Bu çevrelerin ellerinden gelen her şeyi yapmaya çalışacağını ancak kendilerinin hukuk devleti anlayışı içerisinde hareket ederek tedbirler aldıklarını ifade eden Yılmaz, şunları söyledi:
"Gerek polisimiz, gerek jandarmamız, gerekse de silahlı kuvvetlerimiz talep olması halinde seçim güvenliğine ilişkin her türlü tedbirleri almıştır. Bir yıkılış, bir yürüyüş öğretir derler. Kobani olayları Türk güvenlik güçlerinin toplumsal olaylara karşı müdahaledeki etkinliğini veya hangi noktalarda zaaf olduğunu veya hangi noktalarda ne tedbir alınması gerektiğini ortaya çıkaran en önemli olaylardan birisi oldu. Dolayısıyla bundan sonra gerek paralel devlet yapılanması, gerekse PKK bağlantılı örgütlerin, gerekse diğer hukuka aykırı örgütlerin seçim sürecinde bu süreci engellemek için yapacakları her müdahale ve çalışma güvenlik güçlerimizin müdahalesiyle karşılaşacaktır. Gücümüzü hukuktan, kanundan alıyoruz."

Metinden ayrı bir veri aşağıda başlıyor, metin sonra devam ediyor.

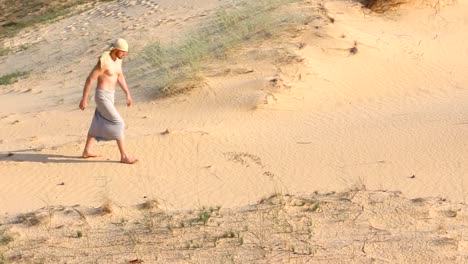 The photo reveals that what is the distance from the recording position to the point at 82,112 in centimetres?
1017

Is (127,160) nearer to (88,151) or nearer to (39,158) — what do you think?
(88,151)

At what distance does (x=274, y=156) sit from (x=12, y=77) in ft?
25.0

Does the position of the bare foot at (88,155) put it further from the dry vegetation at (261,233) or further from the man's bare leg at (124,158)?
the dry vegetation at (261,233)

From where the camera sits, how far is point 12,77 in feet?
46.1

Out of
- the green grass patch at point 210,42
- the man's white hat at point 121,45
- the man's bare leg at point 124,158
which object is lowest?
the green grass patch at point 210,42

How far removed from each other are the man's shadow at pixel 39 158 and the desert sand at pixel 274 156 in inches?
1.0

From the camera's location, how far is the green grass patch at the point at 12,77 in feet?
45.0

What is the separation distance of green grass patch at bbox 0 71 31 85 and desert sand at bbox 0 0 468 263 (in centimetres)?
42

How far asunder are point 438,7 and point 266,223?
773cm

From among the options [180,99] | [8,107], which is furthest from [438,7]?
[8,107]

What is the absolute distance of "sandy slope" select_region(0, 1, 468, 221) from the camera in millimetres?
7160

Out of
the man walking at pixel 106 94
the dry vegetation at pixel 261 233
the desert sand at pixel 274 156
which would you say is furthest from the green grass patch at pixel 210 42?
the dry vegetation at pixel 261 233

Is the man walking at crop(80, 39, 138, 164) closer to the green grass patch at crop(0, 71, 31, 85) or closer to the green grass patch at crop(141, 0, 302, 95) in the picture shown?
the green grass patch at crop(141, 0, 302, 95)

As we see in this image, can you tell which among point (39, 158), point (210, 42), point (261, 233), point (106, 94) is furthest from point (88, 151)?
point (210, 42) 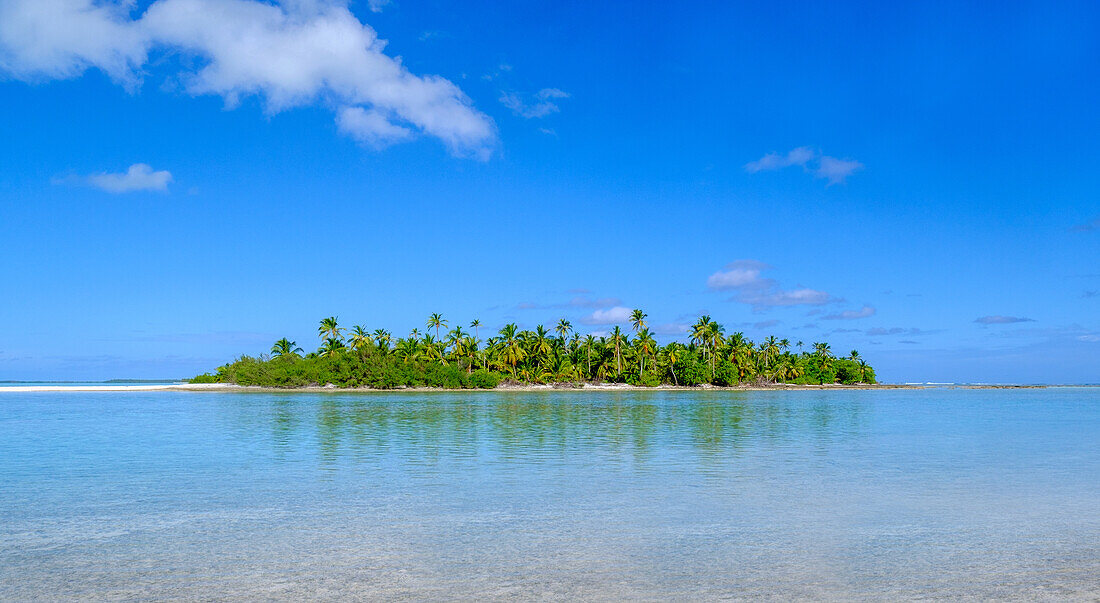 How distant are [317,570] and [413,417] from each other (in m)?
37.7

-TSK'daki paralel yapılanma iddiaları
Paralel Yapı'nın, son MGK toplantısında alınan kararla "Kırmızı Kitap"ta "legal görünümlü illegal yapı" olarak tanımlandığı belirtilerek, "Paralel Yapı'nın, devlet içerisinden temizlenmesiyle ilgili bir takım çalışmalar yapıldı. TSK'da bu konuda yürütülen çalışmalar hakkında bilgi verir misiniz? Bu kapsamda Yüksek Disiplin Kurulu tarafından ihraç edilen asker oldu mu?" soruları üzerine, Yılmaz, şunları kaydetti:
"Silahlı Kuvvetler milli bir ordu. Milli bir ordu olması silahlı kuvvetlerimizin gücünü ve 77 milyonun da bu orduya olan güvenini göstermektedir. Milli ordu vasfını değiştirmemek lazım. Milli ordu vasfı nedir? Kendini hukuk, kanun içerisinde komutanlara bağlı, komutanlardan aldığı talimatı uygulayan yapı olması lazım. Eğer komutanından değil de bir başka yerden talimat alan yapı varsa o zaman milli olma vasfını kaybeder. Bundan dolayı da gerek Milli Güvenlik Siyaset Belgesi'nde yer aldığı şekliyle bir ulusal tehdit olarak değerlendirilen bir yapının milli ordunun içinde yer alması doğru değildir, uygun değildir. Bu, ordumuzun milli ordu vasfını zedeler. Silahlı kuvvetlerimizde bu ana kadar binin üzerinde kişiyle ilgili olarak da ihbar gelmiştir. Bu ihbarlarla ilgili hem idari hem de Genelkurmay Askeri Savcılığı tarafından soruşturmalar başlatılmıştır. Neticelendiğinde elbette gereği yapılacaktır."